---- Data block
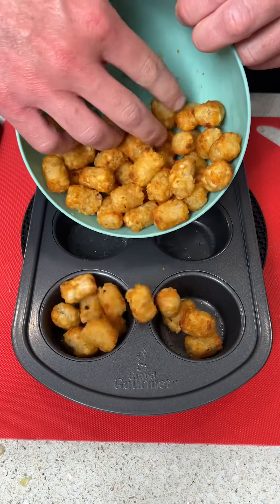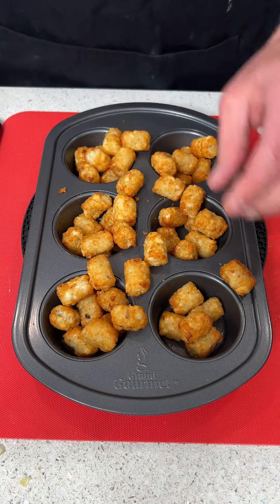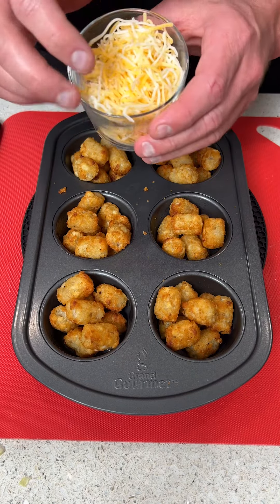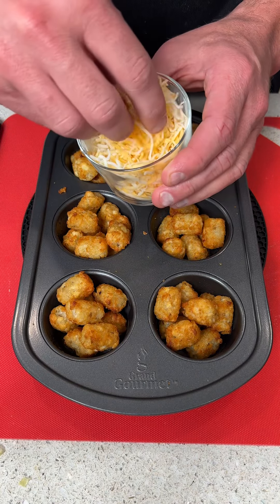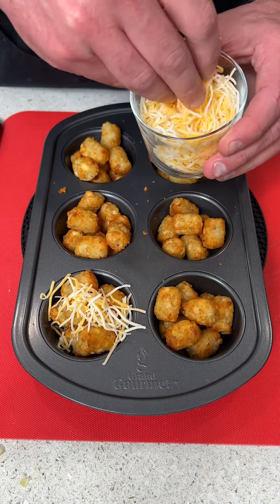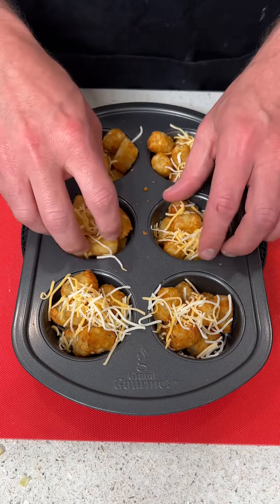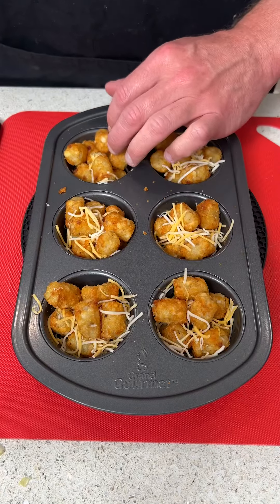We're going to start this recipe by putting tater tots into a cupcake tin and evenly spreading them out — these are pre-cooked. Then we're going to take some four cheese Mexican blend and sprinkle a little bit on each cup, just enough so the cheese gets combined with the tater tots.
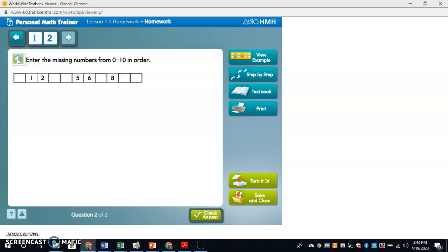Enter the missing numbers from zero to ten in order: zero, one, two, three, four, five, six, seven, eight, nine, ten.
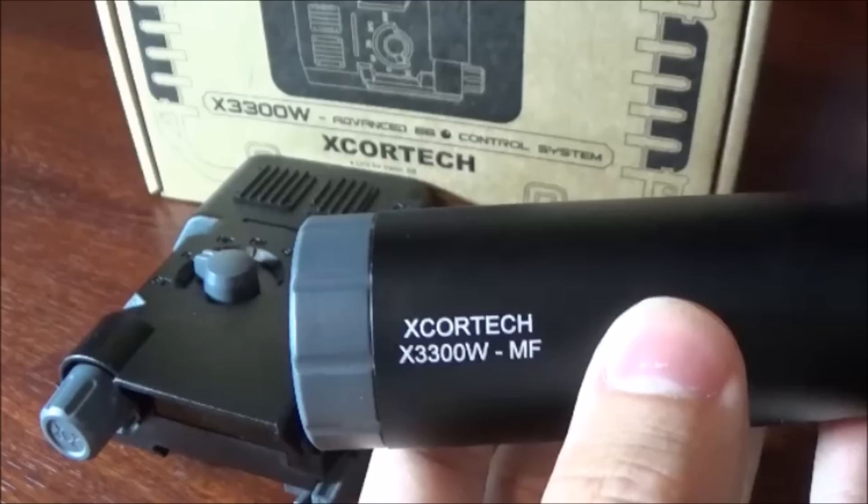The full review of this whole system - not just the tracer unit, but also the chronograph, the display system, the MOSFET, everything that gets included in this box - is going to come out very soon. This video is just going to be focusing on the actual tracer unit with glow-in-the-dark BBs and everything like that.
--------
- [About this task] Once the pictures are set aside, repeat the data above exactly.

- [Expected answer]
We're going to start this recipe by putting tater tots into a cupcake tin and evenly spreading them out — these are pre-cooked. Then we're going to take some four cheese Mexican blend and sprinkle a little bit on each cup, just enough so the cheese gets combined with the tater tots.
Enter the missing numbers from zero to ten in order: zero, one, two, three, four, five, six, seven, eight, nine, ten.
The full review of this whole system - not just the tracer unit, but also the chronograph, the display system, the MOSFET, everything that gets included in this box - is going to come out very soon. This video is just going to be focusing on the actual tracer unit with glow-in-the-dark BBs and everything like that.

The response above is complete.